Why the Hawks are doing something special in Atlanta?


Jeff Teague’s game clinching basket in Game 5 of the 2015 Eastern Conference First Round Series against  the Brooklyn Nets

Do you believe? I believe!!! I wouldn’t say that phrase is the Atlanta Hawks motto looking back over the last three seasons, but whenever I hear Hawks Public Announcer Ryan Cameron utter those words, resonates with me. As a long-time Atlanta Hawks fanatic, that places things in a perspective on what’s going on in the city of Atlanta and with the Hawks organization as well. 


Atlanta Hawks center Al Horford (L) of the Dominican Republic dunks the ball over Philadelphia 76ers guard Kendall Marshall (R) during the first half of their NBA basketball game at Philips Arena in Atlanta, Georgia, USA, 16 December 2015. epa/Erik S. Lesser

 Although we’re headed in the right direction, I’ll be honest with you. Growing up supporting Atlanta teams, this city is considered one of the fair weather cities when it comes to supporting the three major sports franchise that call our city their home. If the Hawks, Braves or Falcons are posting wins, we have arguably one of the best fan-bases around; however, when we’ve seen the franchise have rough times, many fans don’t show their support in the stands or as some would describe “Atlanta fans would jump ship.” Sadly, we’ve seen this mentioned several times by major networks such as ESPN, who actually ran a segment last season when the Falcons started 3-0 on “Where are Atlanta Falcons fans?

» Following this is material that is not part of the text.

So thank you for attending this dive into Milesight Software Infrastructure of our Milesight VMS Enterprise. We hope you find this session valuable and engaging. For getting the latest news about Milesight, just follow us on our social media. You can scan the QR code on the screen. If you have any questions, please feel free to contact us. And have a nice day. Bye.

For example, if you are a fan of playing the popular  EA Sports frachise “Madden NFL 16”, when you are playing with the Atlanta Falcons, they list the fans in the city  as “fair weathered. For a video game to even describe some of the fans of a team that I love in a negative way is embarrassing; however, I am very proud of how the Atlanta Hawks have made a huge impact in the local communities.  


ATLANTA, GA – APRIL 1: Jeff Teague #0 of the Atlanta Hawks shoots the ball against the Cleveland Cavaliers on April 1, 2016 at Philips Arena in Atlanta, Georgia. Copyright 2016 NBAE (Photo by Scott Cunningham/NBAE via Getty Images)

In our nationally televised loss against the Cleveland Cavaliers, ESPN analysts were attempting to call out the Atlanta fans by stating that they have only saw fans around the city support legitimate contenders. At one point in the broadcast, Hubie Brown said “Atlanta had so much success last season and it hasn’t carried over. As you can see, tonight is only the 11th sellout and it’s far behind the number the Cleveland Cavaliers have sold out.” However, when you have a player on the level such as #23 (LeBron James), his name will generate sell-out home crowds alone.” Perception is big flaw we’ve seen in sports and the common perception from people outside of Atlanta is that our fans don’t care about the team. Looking at the attendance numbers this season, we’ve seen the Hawks endure a slight decline which is expected when you have a team that have endured some of the inconsistencies as the Atlanta Hawks have shown, especially before the All-Star Break. 

 Atlanta Hawks forward Josh Smith dunks against the Boston Celtics during the 2008 NBA Playoffs. (Photo by Bob Rosatto)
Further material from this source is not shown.